Vectors vs. Keywords: Why 'Close Enough' is Dangerous in MedTech RAG
Source: Dev.to
The Problem with Pure Vector Search in MedTech RAG
RAG (Retrieval‑Augmented Generation) has become the go‑to approach for many applications: data is stored in a vector database (e.g., Pinecone, Weaviate, pgvector), embeddings are generated, and an LLM is used to produce answers.
In a Clinical Decision Support prototype, a critical issue emerged: pure vector search is a precision trap. In medicine, returning the wrong document can be dangerous.
Example: Hyperglycemia vs.

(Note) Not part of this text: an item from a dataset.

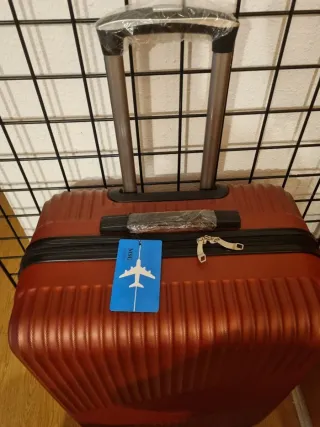 Maleta 23kg nueva grande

Hypoglycemia
A clinician asks:
“Protocol for acute hyperglycemia management”
If the system relies solely on semantic (cosine‑similarity) search, it may retrieve a document about hypoglycemia (low blood sugar) because the two terms are close in the embedding space—they appear in similar contexts (blood sugar, insulin, emergencies). The LLM might then summarize the wrong content, leading to an incorrect recommendation (e.g., giving glucose instead of insulin).

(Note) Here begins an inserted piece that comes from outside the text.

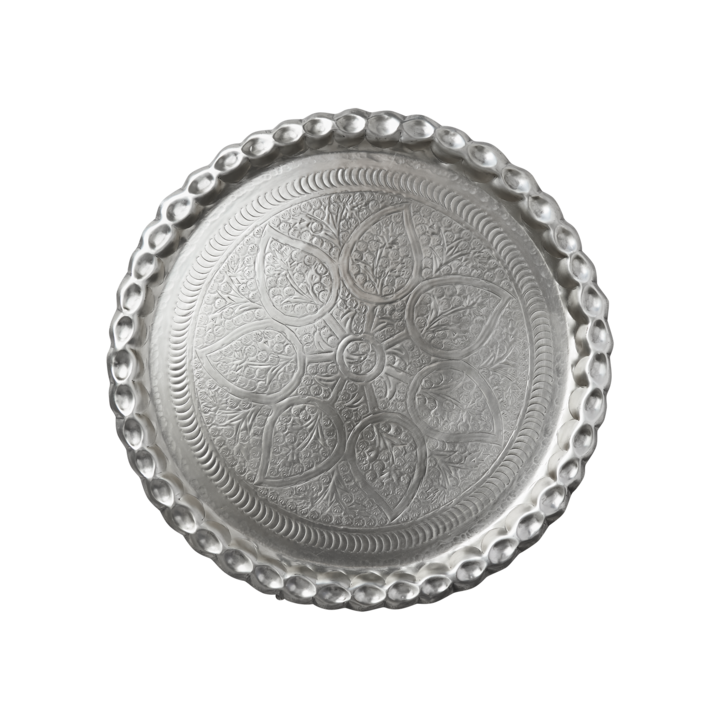 ELDORADO Fat S, Silverfärgad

Why Vectors Struggle with Certain Linguistic Phenomena
- Antonyms (high/low, hot/cold)
- Proper nouns (drug names such as Celexa vs. Celebrex)
- Negations (“Patient does not have fever”)
These cases require exact lexical matching, which dense vectors alone cannot guarantee.
A Hybrid Search Architecture
The remedy is not to discard vectors but to combine them with traditional keyword search (BM25). This hybrid approach leverages the strengths of both:
| Retrieval Type | Strength |
|---|---|
| Dense (vectors) | Captures intent and contextual similarity (high recall) |
| Sparse (keywords/BM25) | Ensures exact term matches (high precision) |
Simple Hybrid Search Pseudocode (Python)
def hybrid_search(query, alpha=0.5):
"""
Perform a hybrid search that blends keyword and vector results.
Parameters
----------
query : str
The user’s search query.
alpha : float, optional
Weight between keyword (0) and vector (1) search. Default is 0.5.
Returns
-------
list
Top combined results.
"""
# 1. Vector (semantic) search
vector_results = vector_db.search(
query_vector=generate_embedding(query),
limit=50
)
# 2. Keyword (BM25) search
keyword_results = keyword_db.search(
query_text=query,
limit=50
)
# 3. Merge using Reciprocal Rank Fusion (RRF)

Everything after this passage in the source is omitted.